Мы таки чуточку опоздали, концерт начался с небольшой задержкой. Сенчина, выручая приболевшего друга, взяла на себя немного бОльшую сценическую нагрузку. За один концерт она, конечно, не смогла вернуть «должок», накопившийся за время всех предыдущих совместных выступлений, когда Кобзон щедро пел за двоих, выпуская Сенчину не более, чем на 5-6 песен, хотя певица получала зарплату за полный сольный концерт. Но, отдавая должное ведущей солистке Ленинградского концертного оркестра под управлением Анатолия Бадхена (на тот момент она из Ленинградского театра оперетты уже ушла), работала Людмила Петровна великолепно. Её фирменная песня-визитка тех времен «Золушка» неизменно взрывала зал бурными овациями. О хрустальных башмачках она, «хоть поверьте, хоть проверьте», пела хрустальным голосом. Подобно Золушке, она была на сцене удивительно естественна и непосредственна. А как чисто и проникновенно исполняла она акапельные вещи! Пела она в концерте, надо признаться, мало произведений, зато жанрово они были очень разнообразны. И исполняла она их с одинаковым блеском и редкой выразительностью чувств, по-женски очень нежно и тепло.

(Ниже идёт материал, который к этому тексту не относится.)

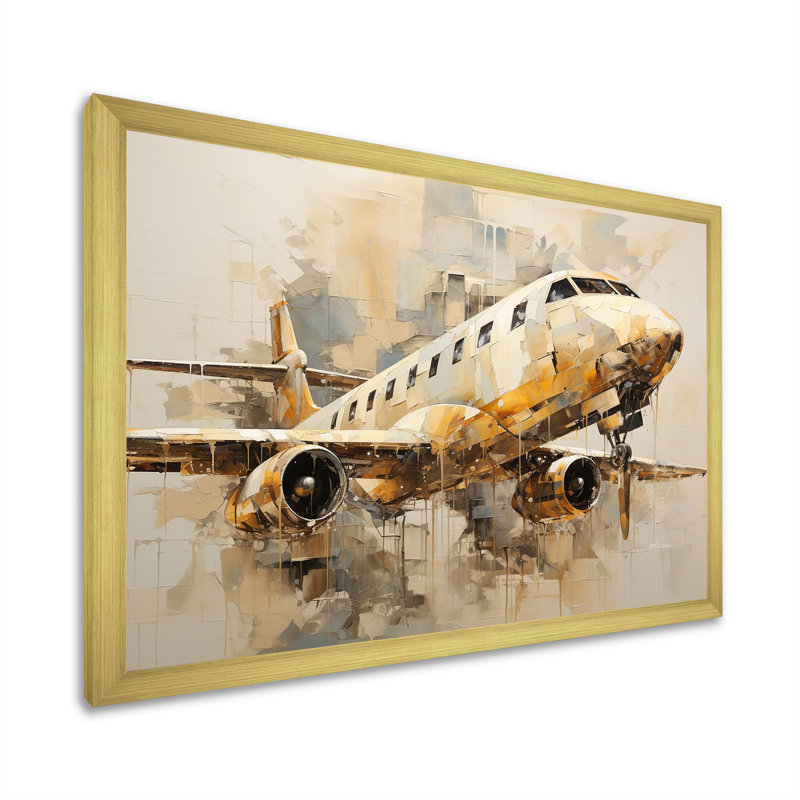 «Passager Plane Wings Of Adventure I», reproduction sur toile, Cadre photo doré simple, H 12 po x l 20 po x P 1 po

Следует также отметить, что на тот момент популярность Сенчиной была ничуть не меньшей, чем у Кобзона. Дело в том, что певица вместе с Федором Чеханковым в 1970-х вела очень популярную телепередачу «Артлото», успела сняться, и довольно успешно, в ряде кинокартин («Шельменко-денщик», «Волшебная сила искусства» и др.). Перед самым началом кировоградских гастролей на экраны вышел советский широкоформатный художественный фильм «Вооружен и очень опасен». Кроме острого сюжета и песен Высоцкого, очень кассовым и рекордным по прокату фильм делали неожиданно смелые для того времени постельные сцены с участием Людмилы Сенчиной. После этого фильма, где в очень откровенных для пуританского советского кинематографа кадрах засветилась обнаженная грудь артистки, ее можно было смело зачислять в разряд самых сексапильных женщин отечественного кинематографа. Глядя на глубокое декольте ее концертного платья, зрелый и опытный Елисаветский несколько раз с придыханием говорил мне: «Какое тело, нет, ты посмотри, какое у нее тело!» Позже я прочел у Семена Альтмана фразу, посвященную Людмиле Сенчиной: «В красивом теле красивый звук». Может, некоторая часть мужской половины публики приходила на концерты именно за тем, чтобы посмотреть на секс-символ советского кино (как в том анекдоте: «Нэ нада пэть, ты только хады туды-сюды»), но покидали они зал, уверен, с мнением о том, что Сенчина прежде всего — незаурядное вокальное дарование, а ее актерские способности – всего лишь дорогая оправа редкого певческого таланта.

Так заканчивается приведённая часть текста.